BRIEF
Give again, exactly, every line of the entries below from the one that has "Ohun Caravan Sarai XIX Buxoro Luaran gambar" to the last.

LISTED RECORDS

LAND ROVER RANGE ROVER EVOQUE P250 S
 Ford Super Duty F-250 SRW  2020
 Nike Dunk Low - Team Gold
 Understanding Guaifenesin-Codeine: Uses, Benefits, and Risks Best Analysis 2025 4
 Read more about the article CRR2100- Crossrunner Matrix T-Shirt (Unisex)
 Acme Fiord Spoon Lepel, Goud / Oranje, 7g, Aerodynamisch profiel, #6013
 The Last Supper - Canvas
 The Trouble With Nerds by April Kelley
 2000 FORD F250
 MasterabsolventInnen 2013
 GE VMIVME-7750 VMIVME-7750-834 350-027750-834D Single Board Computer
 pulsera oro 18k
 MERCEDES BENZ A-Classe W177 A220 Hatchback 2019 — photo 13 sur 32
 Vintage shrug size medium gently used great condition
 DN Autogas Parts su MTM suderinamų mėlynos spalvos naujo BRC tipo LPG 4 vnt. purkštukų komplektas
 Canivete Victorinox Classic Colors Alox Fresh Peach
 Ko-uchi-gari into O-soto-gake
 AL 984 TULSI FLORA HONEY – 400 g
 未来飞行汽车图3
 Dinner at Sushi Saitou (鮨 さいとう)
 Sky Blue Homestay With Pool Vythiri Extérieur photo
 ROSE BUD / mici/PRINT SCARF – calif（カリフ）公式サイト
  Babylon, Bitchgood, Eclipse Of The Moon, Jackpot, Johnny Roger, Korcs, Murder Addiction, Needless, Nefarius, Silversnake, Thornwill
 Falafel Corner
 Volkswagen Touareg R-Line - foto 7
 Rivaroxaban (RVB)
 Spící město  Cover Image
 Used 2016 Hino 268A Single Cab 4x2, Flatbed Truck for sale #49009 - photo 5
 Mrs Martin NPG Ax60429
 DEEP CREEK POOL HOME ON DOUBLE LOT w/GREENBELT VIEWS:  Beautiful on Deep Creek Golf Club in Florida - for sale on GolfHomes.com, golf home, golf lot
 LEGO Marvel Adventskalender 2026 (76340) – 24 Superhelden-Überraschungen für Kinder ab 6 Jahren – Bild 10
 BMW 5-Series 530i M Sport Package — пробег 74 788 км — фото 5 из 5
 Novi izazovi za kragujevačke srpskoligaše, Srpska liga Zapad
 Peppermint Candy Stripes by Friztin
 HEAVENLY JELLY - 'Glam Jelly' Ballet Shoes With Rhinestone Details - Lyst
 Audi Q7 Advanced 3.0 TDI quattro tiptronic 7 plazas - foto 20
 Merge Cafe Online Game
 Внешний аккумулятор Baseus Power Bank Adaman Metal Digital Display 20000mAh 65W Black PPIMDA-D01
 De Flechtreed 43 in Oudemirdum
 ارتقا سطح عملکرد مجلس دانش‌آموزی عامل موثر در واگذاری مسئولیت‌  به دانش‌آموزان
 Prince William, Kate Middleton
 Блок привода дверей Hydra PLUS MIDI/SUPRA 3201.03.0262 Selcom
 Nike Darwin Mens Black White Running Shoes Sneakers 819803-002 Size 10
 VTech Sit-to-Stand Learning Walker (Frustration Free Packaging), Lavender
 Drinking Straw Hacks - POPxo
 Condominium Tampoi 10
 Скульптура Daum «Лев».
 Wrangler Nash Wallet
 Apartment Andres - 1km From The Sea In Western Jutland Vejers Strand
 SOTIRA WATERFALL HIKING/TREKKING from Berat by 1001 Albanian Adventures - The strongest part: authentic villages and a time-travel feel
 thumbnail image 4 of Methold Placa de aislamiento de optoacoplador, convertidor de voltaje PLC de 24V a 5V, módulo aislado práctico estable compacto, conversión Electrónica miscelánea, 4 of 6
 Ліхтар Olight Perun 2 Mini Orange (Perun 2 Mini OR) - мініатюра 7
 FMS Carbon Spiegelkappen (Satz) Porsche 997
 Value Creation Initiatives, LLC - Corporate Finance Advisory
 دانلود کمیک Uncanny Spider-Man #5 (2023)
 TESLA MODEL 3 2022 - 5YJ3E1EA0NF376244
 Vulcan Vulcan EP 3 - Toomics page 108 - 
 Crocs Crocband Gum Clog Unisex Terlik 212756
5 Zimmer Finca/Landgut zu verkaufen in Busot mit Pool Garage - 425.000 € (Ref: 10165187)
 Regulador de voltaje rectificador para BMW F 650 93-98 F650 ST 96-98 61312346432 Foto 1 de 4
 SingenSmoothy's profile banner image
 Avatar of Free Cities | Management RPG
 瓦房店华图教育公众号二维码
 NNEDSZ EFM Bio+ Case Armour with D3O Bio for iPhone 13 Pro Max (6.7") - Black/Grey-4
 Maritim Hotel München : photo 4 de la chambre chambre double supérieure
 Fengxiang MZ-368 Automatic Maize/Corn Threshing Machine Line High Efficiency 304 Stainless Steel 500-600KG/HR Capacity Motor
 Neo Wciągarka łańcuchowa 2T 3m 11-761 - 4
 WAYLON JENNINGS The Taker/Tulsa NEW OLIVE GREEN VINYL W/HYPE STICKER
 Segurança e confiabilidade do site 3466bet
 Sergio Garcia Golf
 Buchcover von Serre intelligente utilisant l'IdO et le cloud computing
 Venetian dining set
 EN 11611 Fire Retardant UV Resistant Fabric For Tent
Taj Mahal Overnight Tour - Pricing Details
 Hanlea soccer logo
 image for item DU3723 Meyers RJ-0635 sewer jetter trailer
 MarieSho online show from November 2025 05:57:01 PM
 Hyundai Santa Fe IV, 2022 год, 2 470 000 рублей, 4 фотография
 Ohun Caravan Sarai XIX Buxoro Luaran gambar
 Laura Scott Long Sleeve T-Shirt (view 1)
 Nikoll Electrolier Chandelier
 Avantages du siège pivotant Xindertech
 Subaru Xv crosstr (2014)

ANSWER TO THIS PROBLEM
 Ohun Caravan Sarai XIX Buxoro Luaran gambar
 Laura Scott Long Sleeve T-Shirt (view 1)
 Nikoll Electrolier Chandelier
 Avantages du siège pivotant Xindertech
 Subaru Xv crosstr (2014)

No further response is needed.